WORK REQUEST -
Starting with the first line of the data below, copy each line up to and including the one containing "Step 7: Click". Pictures stay out.

DATA FOR THE TASK -
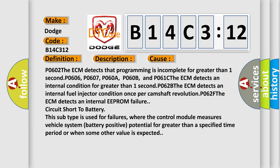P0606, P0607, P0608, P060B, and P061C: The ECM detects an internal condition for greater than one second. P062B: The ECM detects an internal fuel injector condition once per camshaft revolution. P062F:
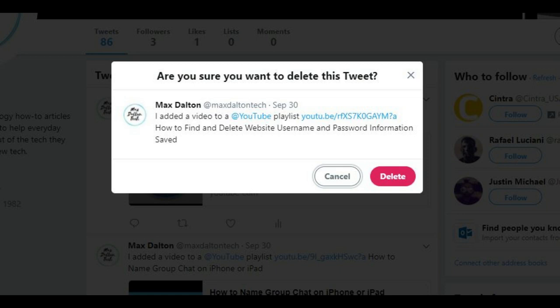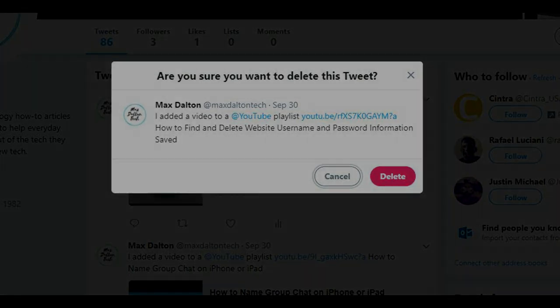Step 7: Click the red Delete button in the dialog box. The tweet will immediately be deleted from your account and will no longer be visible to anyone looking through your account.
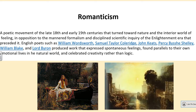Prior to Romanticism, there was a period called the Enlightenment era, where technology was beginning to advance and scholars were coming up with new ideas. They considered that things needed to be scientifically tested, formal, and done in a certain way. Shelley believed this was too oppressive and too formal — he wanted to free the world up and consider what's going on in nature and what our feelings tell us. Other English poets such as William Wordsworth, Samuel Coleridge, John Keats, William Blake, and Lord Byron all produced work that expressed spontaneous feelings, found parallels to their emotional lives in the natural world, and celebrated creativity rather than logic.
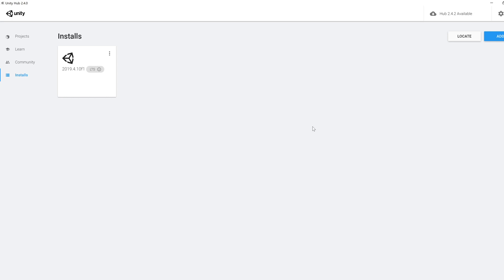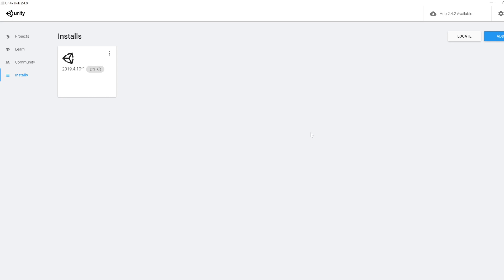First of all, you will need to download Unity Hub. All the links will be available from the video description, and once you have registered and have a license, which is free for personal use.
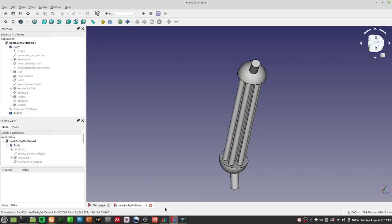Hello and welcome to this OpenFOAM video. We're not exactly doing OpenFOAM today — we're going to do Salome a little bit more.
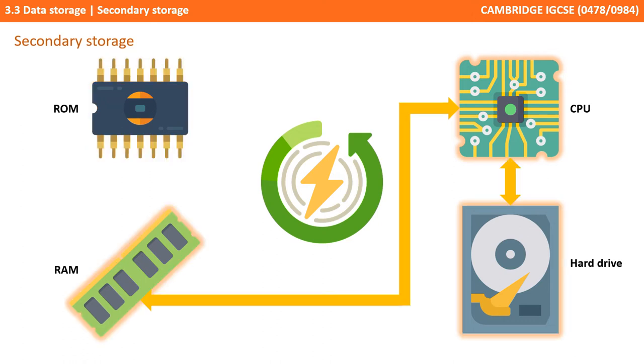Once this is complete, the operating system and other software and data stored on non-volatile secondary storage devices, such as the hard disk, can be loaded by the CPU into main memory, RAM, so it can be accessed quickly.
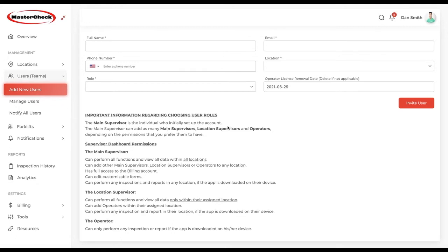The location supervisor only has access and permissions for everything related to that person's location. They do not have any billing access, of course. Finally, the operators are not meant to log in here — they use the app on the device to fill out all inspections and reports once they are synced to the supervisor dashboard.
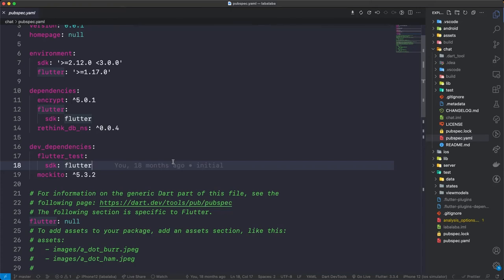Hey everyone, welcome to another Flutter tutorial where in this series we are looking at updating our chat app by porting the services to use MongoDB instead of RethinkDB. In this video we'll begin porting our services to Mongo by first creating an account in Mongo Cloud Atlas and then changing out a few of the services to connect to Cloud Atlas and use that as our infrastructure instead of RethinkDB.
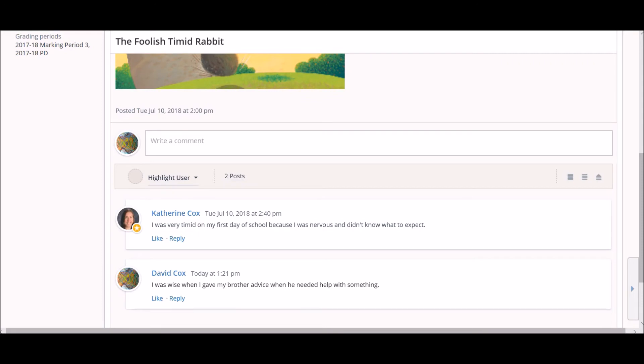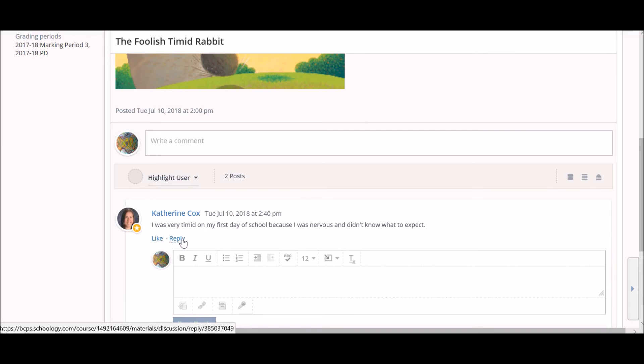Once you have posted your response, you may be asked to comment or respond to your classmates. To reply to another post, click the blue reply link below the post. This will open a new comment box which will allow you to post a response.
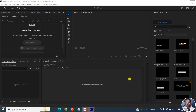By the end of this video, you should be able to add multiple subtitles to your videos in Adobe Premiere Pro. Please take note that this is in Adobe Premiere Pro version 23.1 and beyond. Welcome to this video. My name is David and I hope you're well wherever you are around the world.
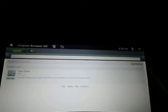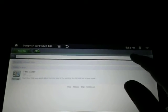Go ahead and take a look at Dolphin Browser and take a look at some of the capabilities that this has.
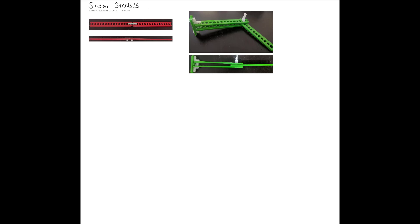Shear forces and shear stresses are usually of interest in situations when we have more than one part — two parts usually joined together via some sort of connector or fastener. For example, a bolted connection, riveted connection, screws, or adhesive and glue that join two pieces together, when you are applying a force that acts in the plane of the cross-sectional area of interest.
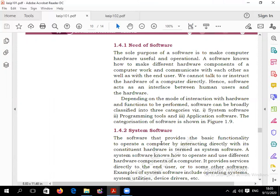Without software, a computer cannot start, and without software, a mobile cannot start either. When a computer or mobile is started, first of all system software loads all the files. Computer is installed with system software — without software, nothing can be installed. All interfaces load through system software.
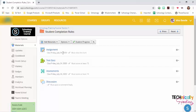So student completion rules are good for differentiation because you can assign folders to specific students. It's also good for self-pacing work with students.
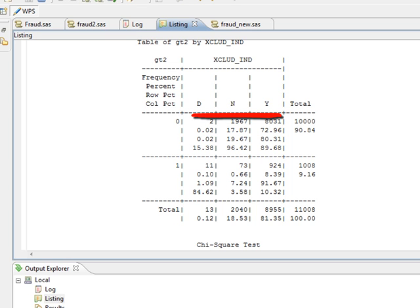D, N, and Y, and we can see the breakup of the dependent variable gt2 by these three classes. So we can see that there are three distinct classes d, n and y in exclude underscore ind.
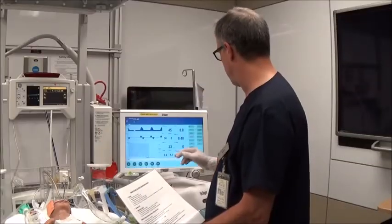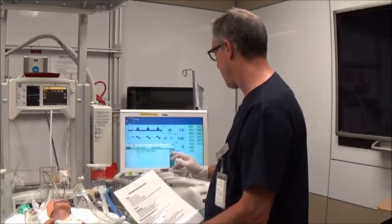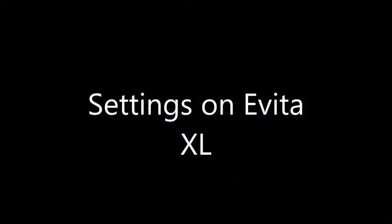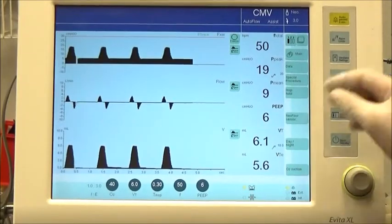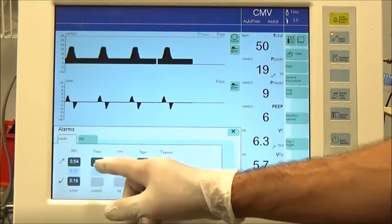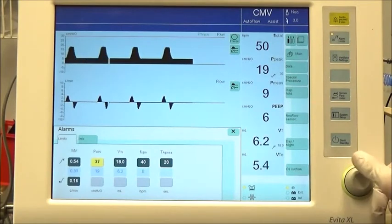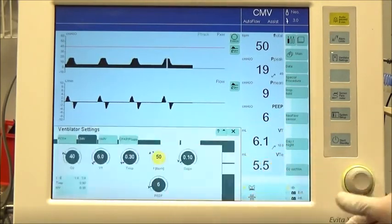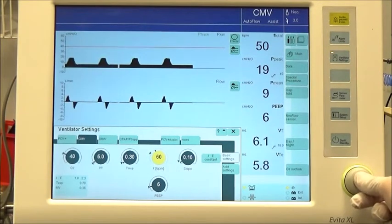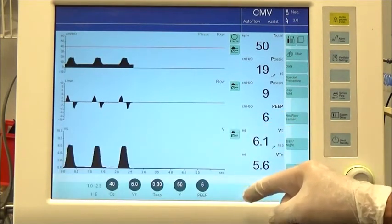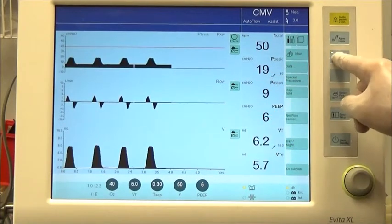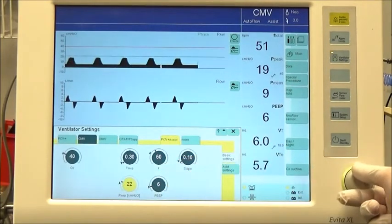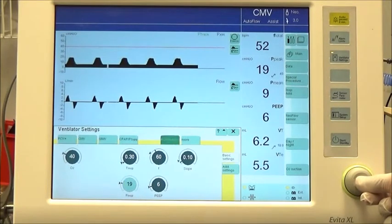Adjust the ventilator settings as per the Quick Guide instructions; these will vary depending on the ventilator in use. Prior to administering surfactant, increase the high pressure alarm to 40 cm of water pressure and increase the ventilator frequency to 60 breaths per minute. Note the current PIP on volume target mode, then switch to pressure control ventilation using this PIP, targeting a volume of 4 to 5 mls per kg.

SOLUTION FOR THIS PROBLEM -
P0606, P0607, P0608, P060B, and P061C: The ECM detects an internal condition for greater than one second. P062B: The ECM detects an internal fuel injector condition once per camshaft revolution. P062F:
Step 7: Click the red Delete button in the dialog box. The tweet will immediately be deleted from your account and will no longer be visible to anyone looking through your account.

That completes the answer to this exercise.